Big data is an incredibly popular topic. Plentiful articles, books, and blogs have been written on this topic and countless sessions have been presented that discuss some aspect of big data. I am a big fan of big data, because organizations have been able to improve and extend their analytical capabilities through their big data systems, resulting in various business benefits.
But I am also aware that big data is sometimes being overhyped. Take for example this statement: “Big data: A revolution that will transform how we live, work and think”, and “Without big data, you are blind and deaf in the middle of a freeway.” These and many others are all hyperboles. The danger is that big data is being over oversold and that this creates a false or skewed picture of big data and leads to false expectations.
Therefore, I decided to write a number of blogs on big data myths. Each myth is based on statements that repeatedly pop up in articles and sessions. I call them the big myths on big data.
The first big myth I want to address is that big data is sometimes presented as the goal of a project or system. Wrong, the goal is never to develop a big, fat database. Can you imagine a meeting in an IT department that ends with a statement like: “Ok guys, let’s see if we can develop the biggest database on the planet.” This is not how it works in real life. That can never be a goal.
Nor is big data ever a question. Users never call the IT department with a question such as: “Please, can you develop a big database for me?”
If big data is something, it’s an answer, or, in fact, it’s part of an answer. But then, if big data is part of an answer, what’s the question? In almost all the big data systems, the question is analytics. Organizations want to increase, enrich, or extend their analytical capabilities, and quite often this requires more data, big data. So, it’s almost always analytics that’s driving big data systems.

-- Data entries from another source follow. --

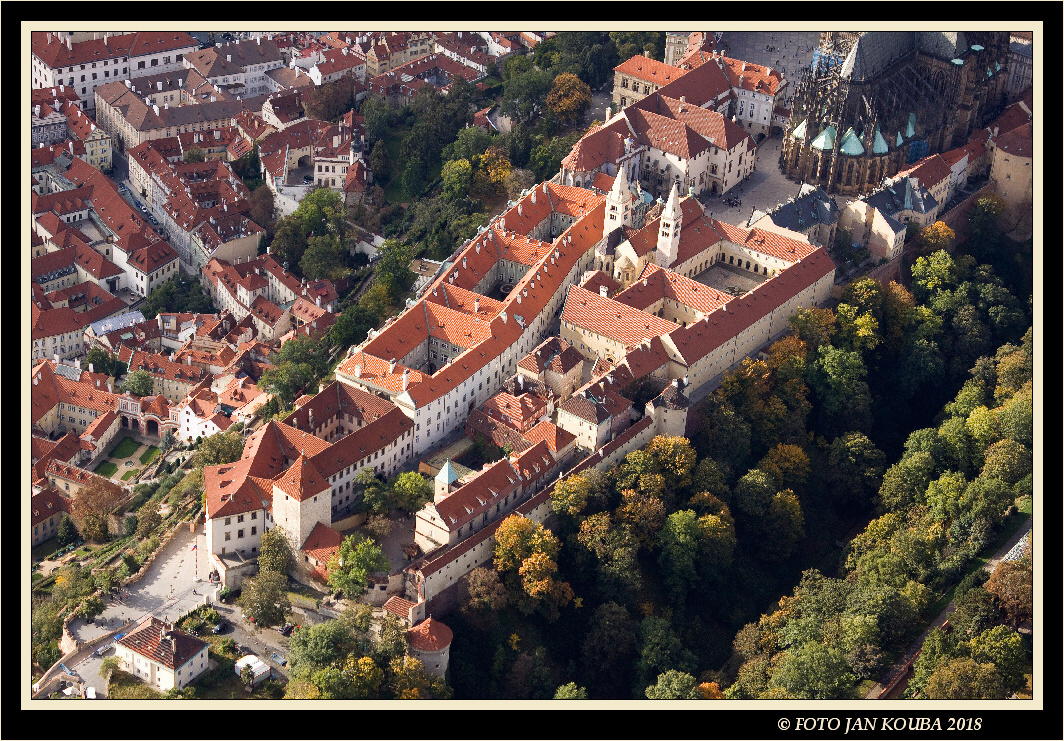 Praha, Prague, Pražský hrad, the Prague Castle, aerial photography 19
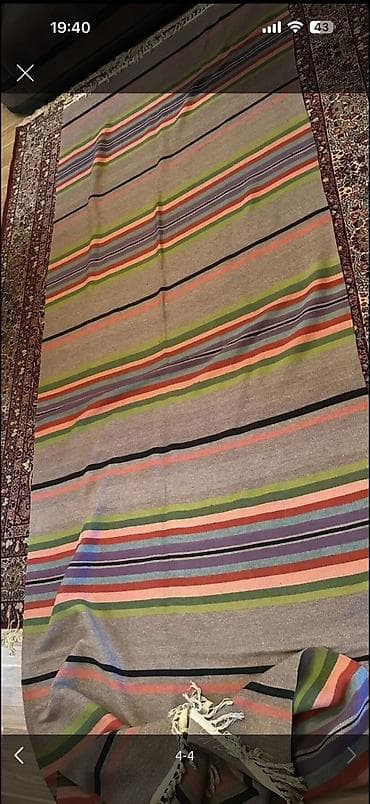 Ковролин: Müasir dizaynlı xalça - Rənglər: qara-ağ - Naxış: böyük kvadratlardan at lalafo.az — 2 Ковролин: Müasir dizaynlı xalça - Rənglər: qara-ağ - Naxış: böyük kvadratlardan — 2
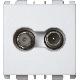 PRESA TV-SAT DIRET.DEMISC. 2DB - URMET DOMUS 13400/2.B - URMET DOMUS 13400/2.B - URMET DOMUS 13400/2.B product photo Photo 01 2XS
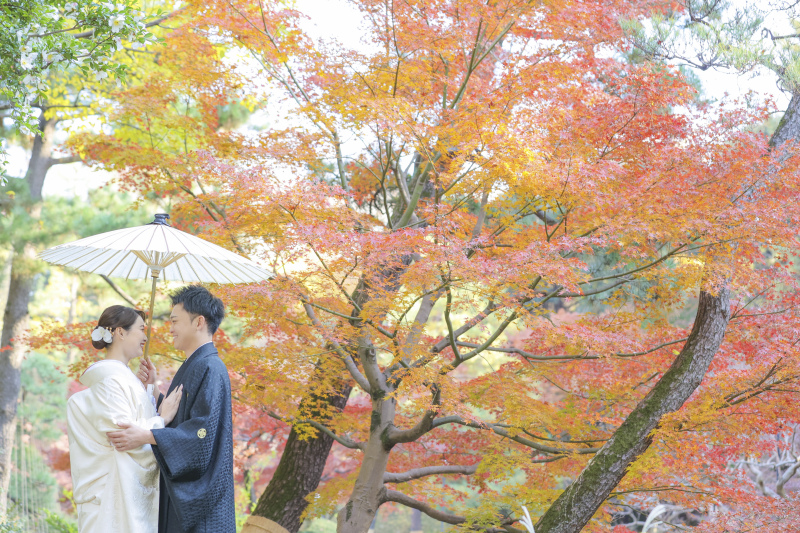 カラフルな紅葉で!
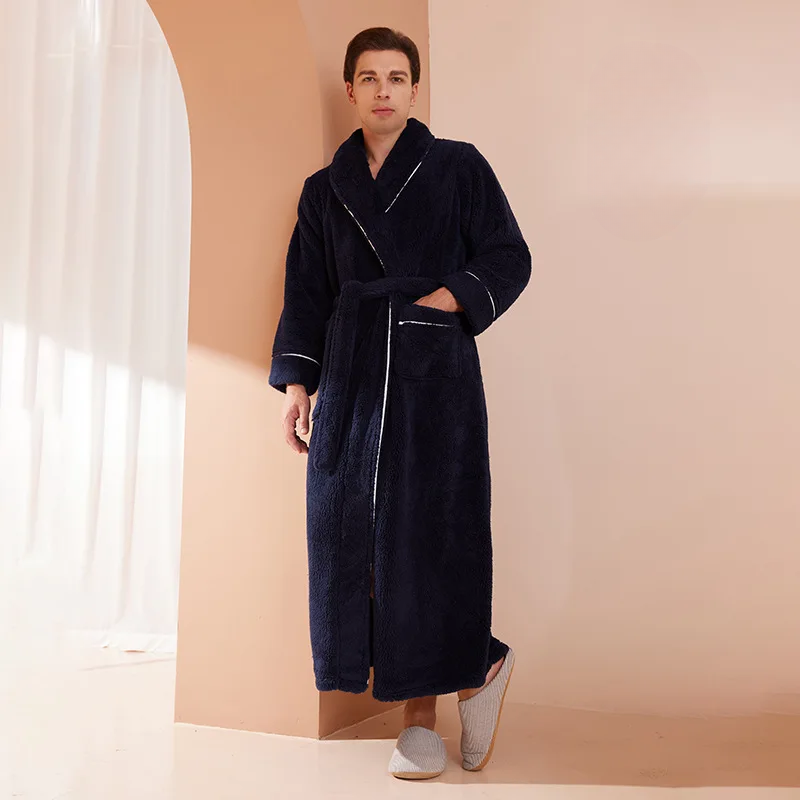 FleeceComfort –  bathrobe in Flanel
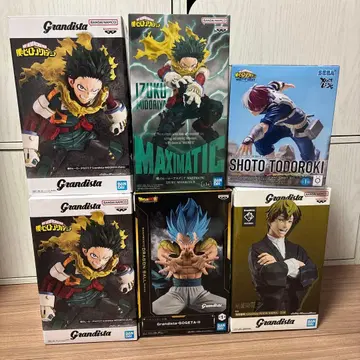 주술회전 젠인 나오야 미도리야 이즈쿠 토도로키 쇼토 오지터 피규어 세트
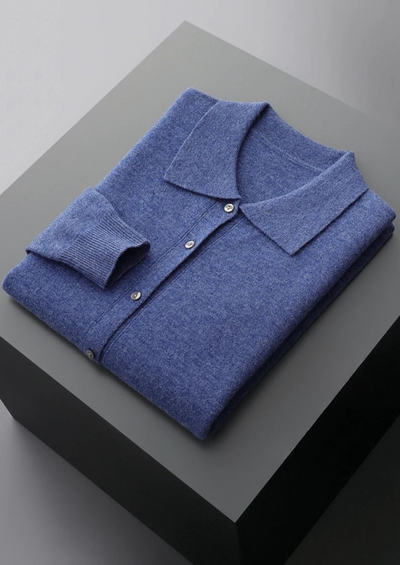 CARDIGAN POLO 100% CASHMERE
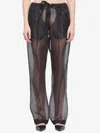 Khaite Trenton Silk Organza Sheer Pants In Black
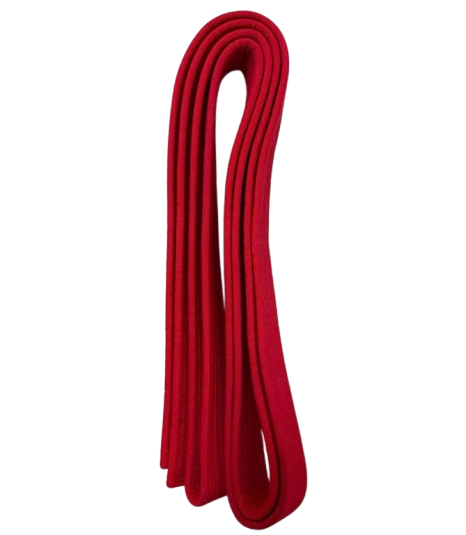 Shureido Karate Red Belt JKF Approved Competition Obi Made in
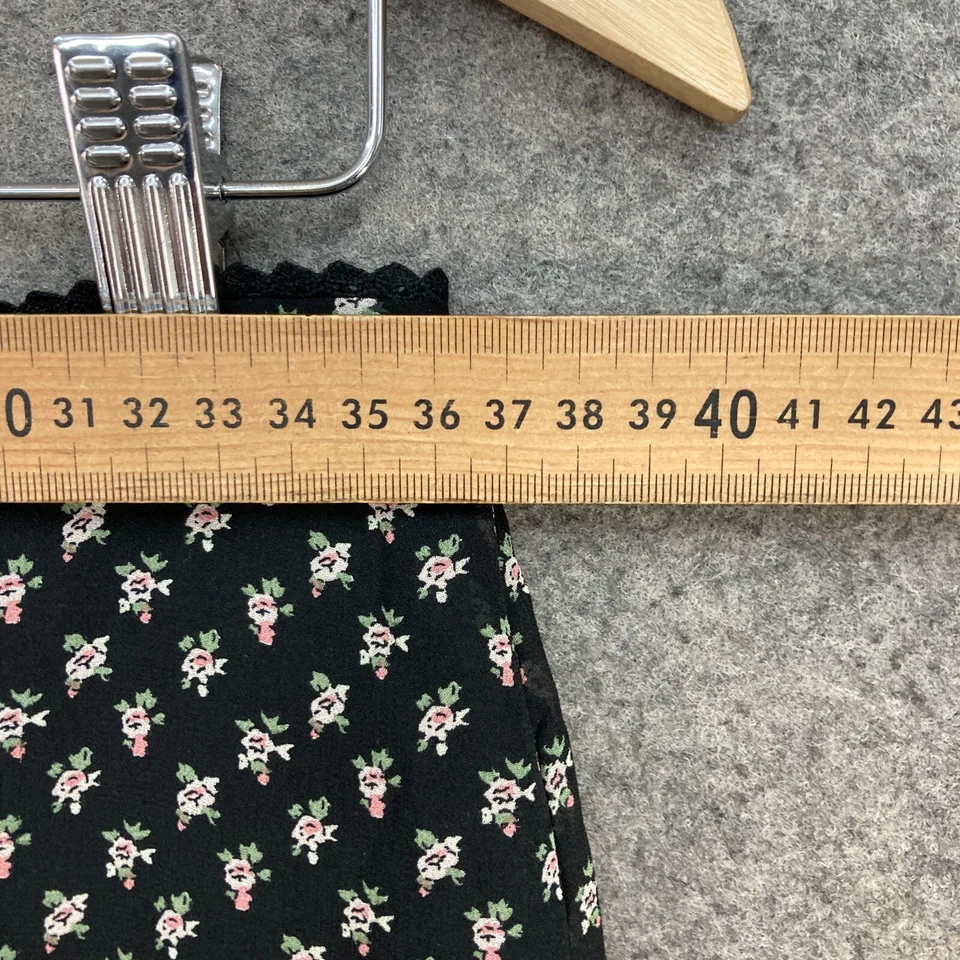 Бренди Melville юбка женщин маленький черный цветочный короткая линия молнии мини 29835 - Изображение 3 из 4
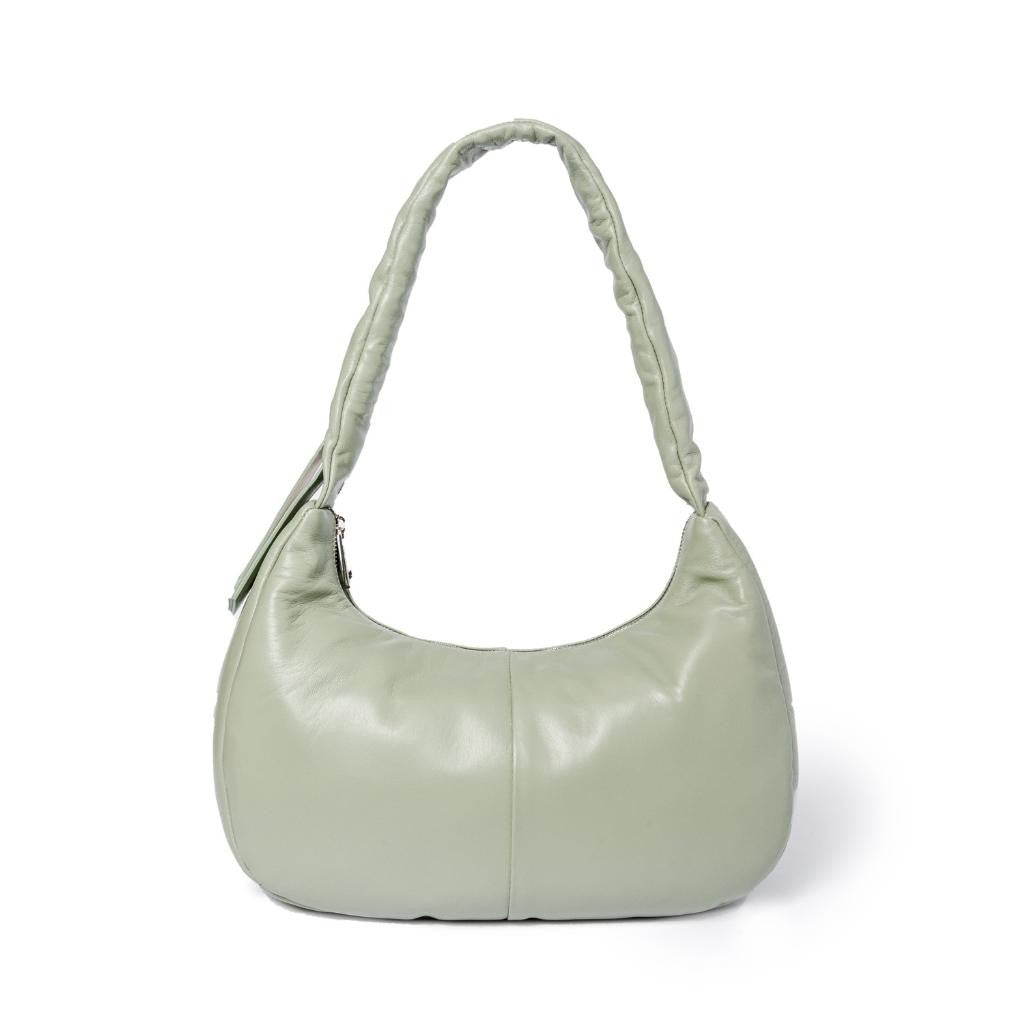 Azzura Hobo medium in soft nappa leather with adjustable curled handle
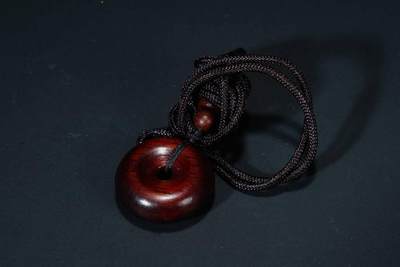 上海都达杂项专场七十二【全场包邮】 - 印度小叶紫檀平安扣挂件67-318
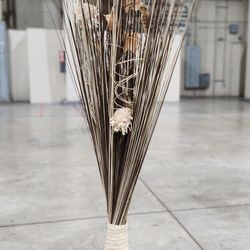 TALL DECORATIVE VASE DRY STICKS, FLOWERS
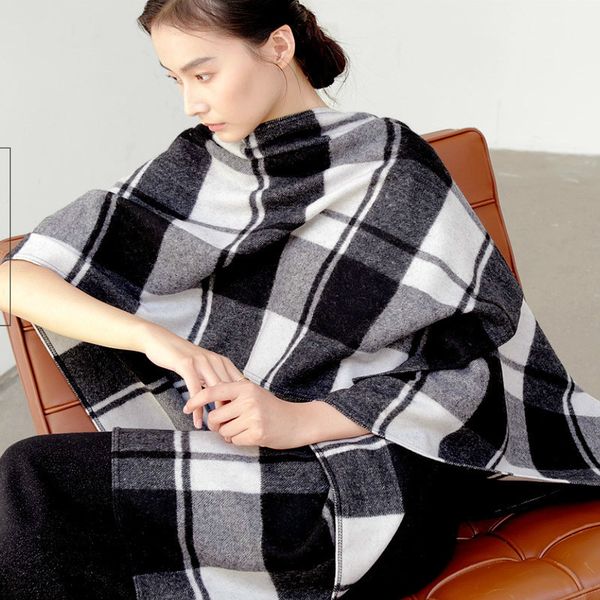 2020 fashion winter chess ponchos and capes for women big shawl wrap women's pashmin wool buffanda mujer new, Blue;gray
2020 fashion winter chess ponchos and capes for women big shawl wrap women's pashmin wool buffanda mujer new, Blue;gray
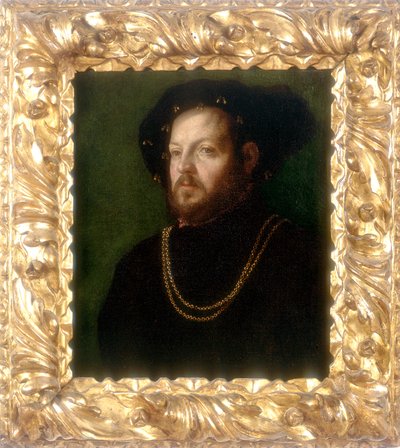 Portræt af en mand, værk af Girolamo da Carpi, konserveret på Galleria Estense i Modena af Girolamo da Carpi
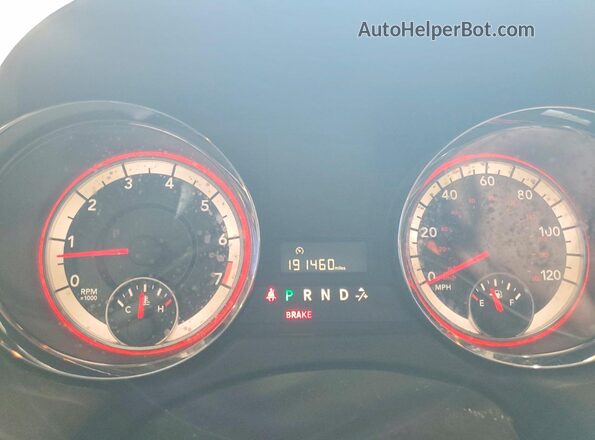 2C4RDGCG8JR300549 2018 DODGE GRAND Gray Vista del cuadro de instrumentos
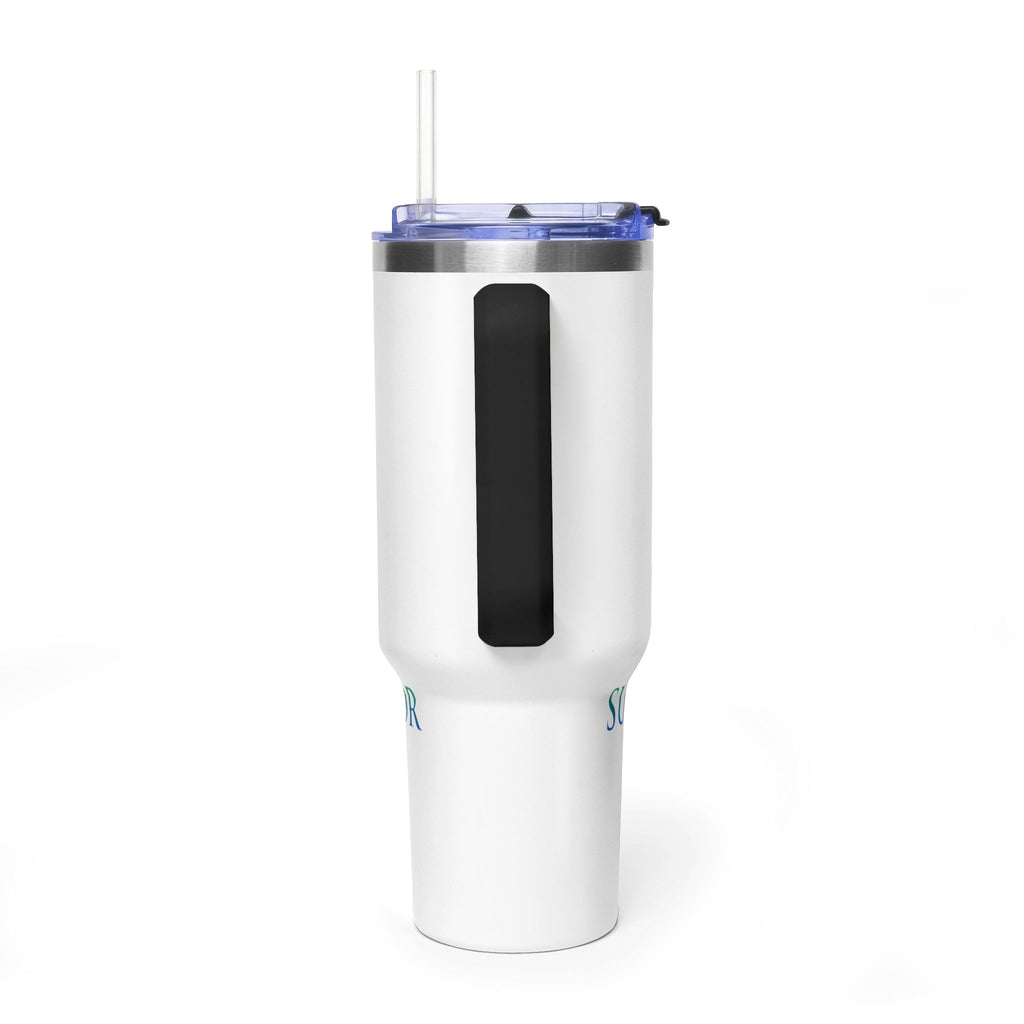 Survivor Warrior 40oz Vacuum Tumbler – Insulated Travel Mug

Do not confuse analytics with reporting. Reporting is primarily about presenting what has happened, whereas analytics is mainly aimed at showing what may happen and at influencing what’s going to happen. Typical examples of analytics that may require big data are: improving product development, optimizing business processes, optimizing the operations of machines, improving the level of customer care and customer delight, and personalizing products.
So, the goal is not big data, the goal is to improve and extend the analytical capabilities of an organization. However, sometimes, with all these technical discussions on Hadoop and NoSQL, and so on, we tend to forget this. The following somewhat crude saying can apply in big data projects: “When you are up to your ass in alligators, it’s difficult to remember that your initial objective was to drain the swamp.” I think this applies to some big data projects. The goal is not big data itself, it’s analytics.